MerzbildSchwet said:


> don't make shit music


 
hahaha holy shit


----------



## GHDA (Jan 14, 2011)

my biggest advice for starting out trying to make music is don't try to be someone else.

when it comes to dance music, if you worry more about learning how to make people dance then you'll be much better off.

Renard seems to be a good inspiration for many people but don't let his fame get to your head. He's not really that big of a deal.


----------



## Jude (Jan 14, 2011)

Do you know music theory? How key signatures work, along with chords? That helps. A lot.


----------



## GHDA (Jan 14, 2011)

http://www.musictheory.org.uk

http://www.musictheory.org


----------



## Smiley_V (Jan 14, 2011)

MerzbildSchwet said:


> don't make shit music


 
XD Good advise.

And ya, I understand music theory, key signatures and chords. 
On a side note, I listened to an interview with the lead guitarist of the band Streetlight Manifesto and he has no idea what even a G-Major is and yet 
he can write some damn good melodies.


----------



## GHDA (Jan 14, 2011)

You don't need to have any sort of grasp on the theory of music to understand how to make pleasant music.

You also don't have to make good music to have a fan-base, as long as you understand and cater to a certain standard or rule-set of the audience you are approaching.

Like, say you want to cater to the general furry crowd, you will have to make cynical and random music that caters to nostalgia and whatever popular games everyone is playing.

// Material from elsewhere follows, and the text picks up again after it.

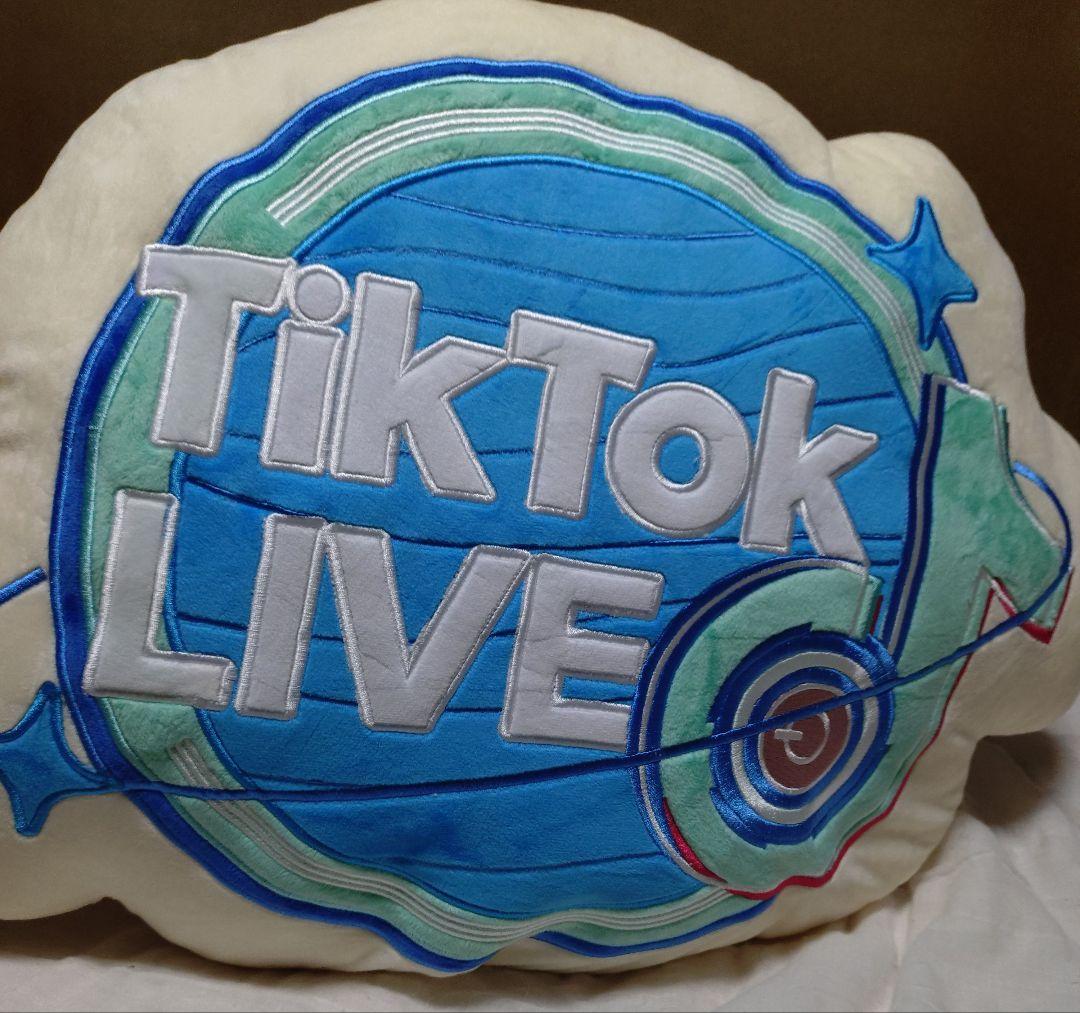 非売品 TikTok LIVE クッション 雲型 - メルカリ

Fuck, if you want to be famous right now, make stupid brostep songs with Team Fortress 2 and Minecraft samples or something.


----------



## GHDA (Jan 14, 2011)

oh with chiptune synths. definately need chiptune synths.


----------



## Kit H. Ruppell (Jan 14, 2011)

GHDA said:


> oh with chiptune synths. definately need chiptune synths.


 Nah, needs electric guitar, live percussion, and lots of ambient synth.


----------



## GHDA (Jan 14, 2011)

I'm not talking about good music I'm talking about pop music. SHEESH!! You can't do all of that in your newly pirated copy of FL Studio!! xD


----------



## Citrakayah (Jan 14, 2011)

GHDA said:


> I'm not talking about good music I'm talking about pop music. SHEESH!! You can't do all of that in* your newly pirated copy of FL Studio!!* xD










Also, knowing music theory is definitely a big help.


----------



## GHDA (Jan 14, 2011)

Of course it helps. Having a knowledge of all aspects of music creation helps prior to chasing the idea of fame and glory for being the ultimate DJ/Producer.

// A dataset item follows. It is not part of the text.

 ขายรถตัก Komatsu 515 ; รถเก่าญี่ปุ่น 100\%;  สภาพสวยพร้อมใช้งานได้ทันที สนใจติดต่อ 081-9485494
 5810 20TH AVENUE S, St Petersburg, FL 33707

and what the heck kind of image macro response is that I've never been played off by a scrubby ass cub before.


----------



## Citrakayah (Jan 14, 2011)

Eh, saw it posted somewhere. Though I quite enjoy my acquired copy of FL Studio. I prefer Ableton though.


----------



## GHDA (Jan 14, 2011)

Choice of DAW means nothing.


----------



## Glockypaws (Jan 14, 2011)

GHDA said:


> my biggest advice for starting out trying to make music is don't try to be someone else..



^That.

It is great to take inspiration from other musicians, it is great to love their work and appreciate it greatly.

It is a bad thing to try and sound like other musicians.

They made their name by sounding like themselves, and they more than likely [e.g. 100% definitely] sound like themselves much better than anybody else [including you] ever could.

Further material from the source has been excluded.